1.5リットルのクリーンディーゼルは、「デミオ」から各部をブラッシュアップして搭載している(写真の一部パーツは非純正) |
SUVとしてはコンパクトだが、絶対的なサイズは決して小さくない。ラゲッジスペースにも余裕がある |
注目のクリーンディーゼルエンジンについても聞いてみたところ、このエンジン1本に絞ったのは、運転する楽しさを感じてほしいからだという。ディーゼルだけという判断に至るまでは、燃費性能や他車との差別化といったさまざまな判断があったはずだが、スタッフはそういったことには触れず、「楽しさ」という言葉を連発していた。
以前、別のマツダ社員から、「CX-5のディーゼルを発売したときは本当に怖かった」と聞いたことがあるが、いまでは自信に満ちているようだ。たしかに、回さなくても低回転で太いトルクを発揮するディーゼルエンジンは、日常的なスピードレンジで最高のプレジャーを発揮してくれるはず。街中でメリハリの効いた走りが楽しめそうだ。
それにしても、かつて日本であれほど忌み嫌われていたディーゼルエンジンが、いまではエコカーとして税制の優遇を受け、走りの良さを理由に搭載されるとは。変われば変わるものだが、変えたのはマツダ、少なくとも日本ではその立役者といえるだろう。

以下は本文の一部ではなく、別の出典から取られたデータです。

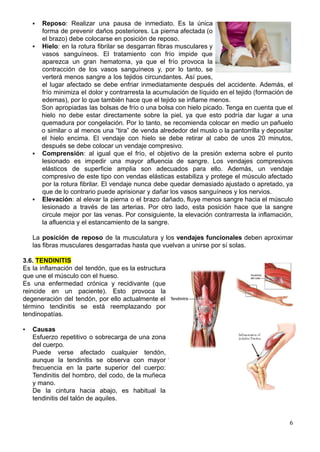 Tema_10_Traumatismos Musculos.pdf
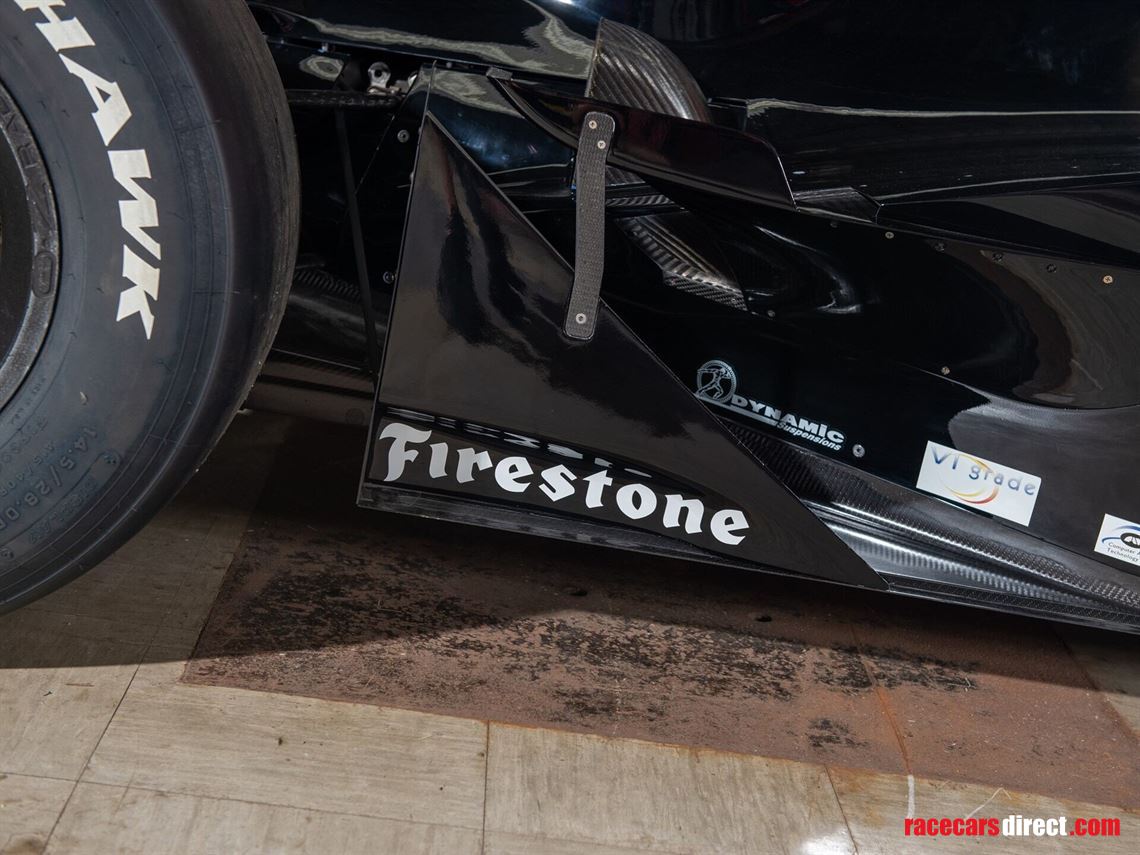 2008-dallara-honda-ir-05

クリーンディーゼルエンジン単体の展示も。これは2.2リットルだが、1.5リットルもエンジンブロックは同じだという。ガソリンエンジンにしか見えないコンパクトさ。精緻なメカニズムは、無骨なディーゼルというイメージを覆す |
手前のターボチャージャーが、「SKYACTIV-D 1.5」に採用されている可変ジオメトリーターボ。ターボも劇的に進化しているのがわかる |
マツダ「CX-3」は2月27日から販売開始され、「XD」「XD Touring」「XD Touring L Package」を用意。全グレードでマニュアルトランスミッション「SKYACTIV-MT」とオートマチックトランスミッション「SKYACTIV-DRIVE」、新世代4WDシステム「i-ACTIV AWD」が設定されるという。価格は237万6,000~302万4,000円(税込)。